## What the exercise asks
Starting at the top of the data and ending with the line that holds "Uma panela com", transcribe each line exactly; include both ends.

#### Excerpted records ####

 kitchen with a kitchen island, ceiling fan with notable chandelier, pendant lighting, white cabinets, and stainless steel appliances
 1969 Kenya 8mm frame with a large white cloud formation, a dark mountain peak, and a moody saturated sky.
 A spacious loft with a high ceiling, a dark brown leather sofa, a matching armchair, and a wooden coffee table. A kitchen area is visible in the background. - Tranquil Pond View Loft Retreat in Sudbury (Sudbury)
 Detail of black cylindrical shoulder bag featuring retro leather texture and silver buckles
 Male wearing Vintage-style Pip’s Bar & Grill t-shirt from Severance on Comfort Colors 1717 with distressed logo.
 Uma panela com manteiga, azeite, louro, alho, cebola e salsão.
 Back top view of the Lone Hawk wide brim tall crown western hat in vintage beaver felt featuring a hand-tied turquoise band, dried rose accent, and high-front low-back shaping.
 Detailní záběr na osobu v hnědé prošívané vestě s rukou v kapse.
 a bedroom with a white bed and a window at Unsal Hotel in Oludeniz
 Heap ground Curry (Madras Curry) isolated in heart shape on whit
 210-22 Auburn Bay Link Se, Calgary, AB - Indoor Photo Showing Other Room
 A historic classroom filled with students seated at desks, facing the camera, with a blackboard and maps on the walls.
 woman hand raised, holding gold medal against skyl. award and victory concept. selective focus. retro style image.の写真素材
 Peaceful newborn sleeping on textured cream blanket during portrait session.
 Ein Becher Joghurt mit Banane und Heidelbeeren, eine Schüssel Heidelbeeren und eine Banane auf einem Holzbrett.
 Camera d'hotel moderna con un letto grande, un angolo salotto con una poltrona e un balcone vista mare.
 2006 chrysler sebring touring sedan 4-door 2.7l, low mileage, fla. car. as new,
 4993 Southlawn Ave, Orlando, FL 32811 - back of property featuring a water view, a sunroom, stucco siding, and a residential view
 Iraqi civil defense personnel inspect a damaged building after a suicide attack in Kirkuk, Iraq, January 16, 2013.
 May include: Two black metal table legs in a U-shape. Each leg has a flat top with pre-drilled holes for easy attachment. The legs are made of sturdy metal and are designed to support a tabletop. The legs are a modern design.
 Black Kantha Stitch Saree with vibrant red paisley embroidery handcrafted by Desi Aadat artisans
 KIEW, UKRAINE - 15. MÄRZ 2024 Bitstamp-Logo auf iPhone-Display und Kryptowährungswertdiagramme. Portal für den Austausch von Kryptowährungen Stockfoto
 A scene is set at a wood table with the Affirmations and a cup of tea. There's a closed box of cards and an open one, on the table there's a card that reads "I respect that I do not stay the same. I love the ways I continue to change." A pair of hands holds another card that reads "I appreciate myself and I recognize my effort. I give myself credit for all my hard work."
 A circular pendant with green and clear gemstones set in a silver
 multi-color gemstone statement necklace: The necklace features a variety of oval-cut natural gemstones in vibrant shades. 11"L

####

## Completed exercise
 kitchen with a kitchen island, ceiling fan with notable chandelier, pendant lighting, white cabinets, and stainless steel appliances
 1969 Kenya 8mm frame with a large white cloud formation, a dark mountain peak, and a moody saturated sky.
 A spacious loft with a high ceiling, a dark brown leather sofa, a matching armchair, and a wooden coffee table. A kitchen area is visible in the background. - Tranquil Pond View Loft Retreat in Sudbury (Sudbury)
 Detail of black cylindrical shoulder bag featuring retro leather texture and silver buckles
 Male wearing Vintage-style Pip’s Bar & Grill t-shirt from Severance on Comfort Colors 1717 with distressed logo.
 Uma panela com manteiga, azeite, louro, alho, cebola e salsão.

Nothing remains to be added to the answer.